Copy exactly the stretch of data below from the line with "Borsa CHANEL Coco" through the line with "Apartament Lonyay Design", including both of those lines.

● Source material
┄┄┄┄┄┄┄┄┄┄┄┄┄┄┄┄┄┄┄┄

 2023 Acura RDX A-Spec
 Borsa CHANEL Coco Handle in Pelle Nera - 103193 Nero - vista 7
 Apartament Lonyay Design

┄┄┄┄┄┄┄┄┄┄┄┄┄┄┄┄┄┄┄┄

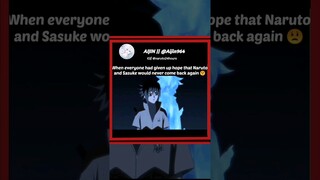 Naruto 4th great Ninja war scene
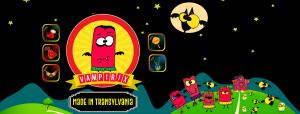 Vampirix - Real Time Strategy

┄┄┄┄┄┄┄┄┄┄┄┄┄┄┄┄┄┄┄┄

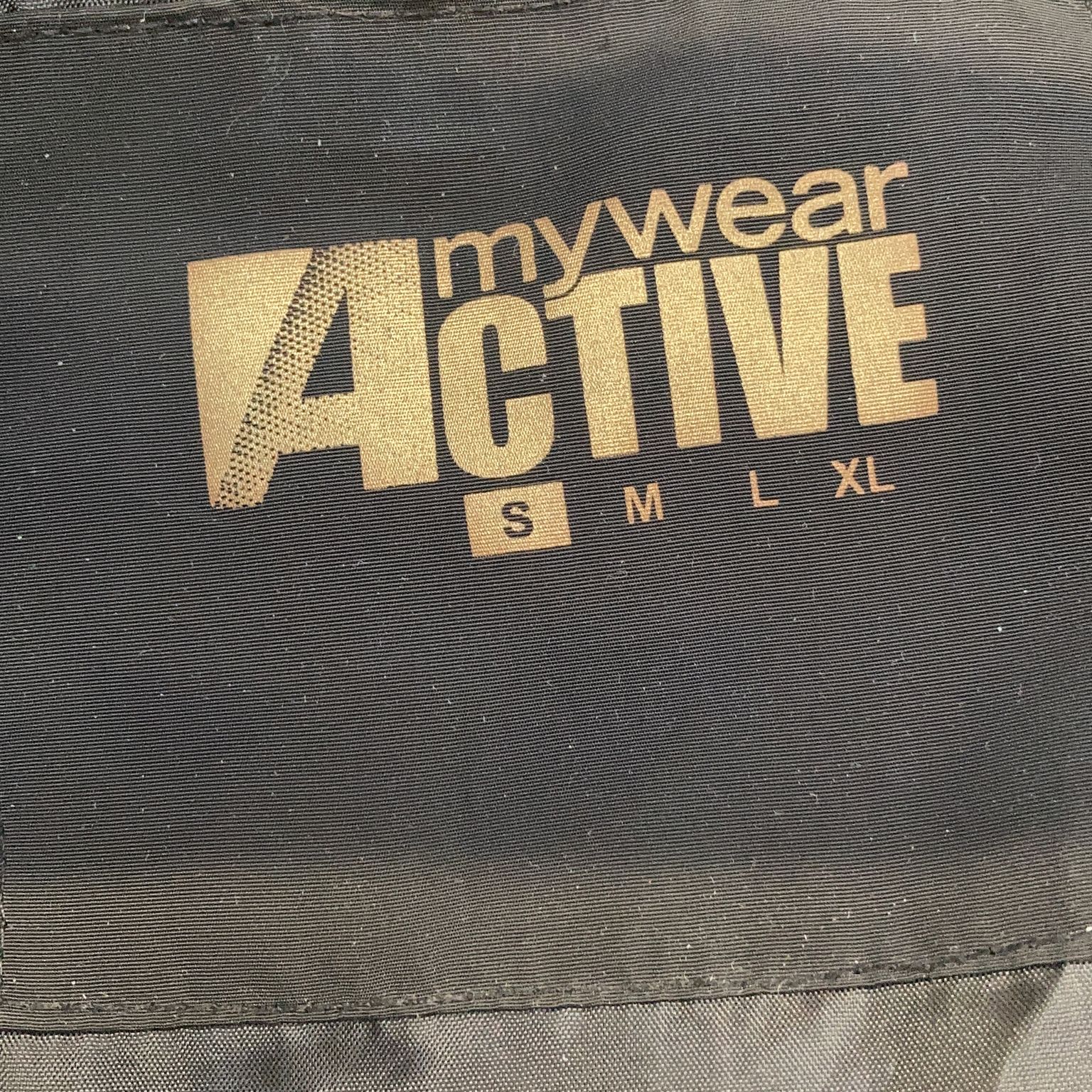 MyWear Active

┄┄┄┄┄┄┄┄┄┄┄┄┄┄┄┄┄┄┄┄

● Answer to this task
 Borsa CHANEL Coco Handle in Pelle Nera - 103193 Nero - vista 7
 Apartament Lonyay Design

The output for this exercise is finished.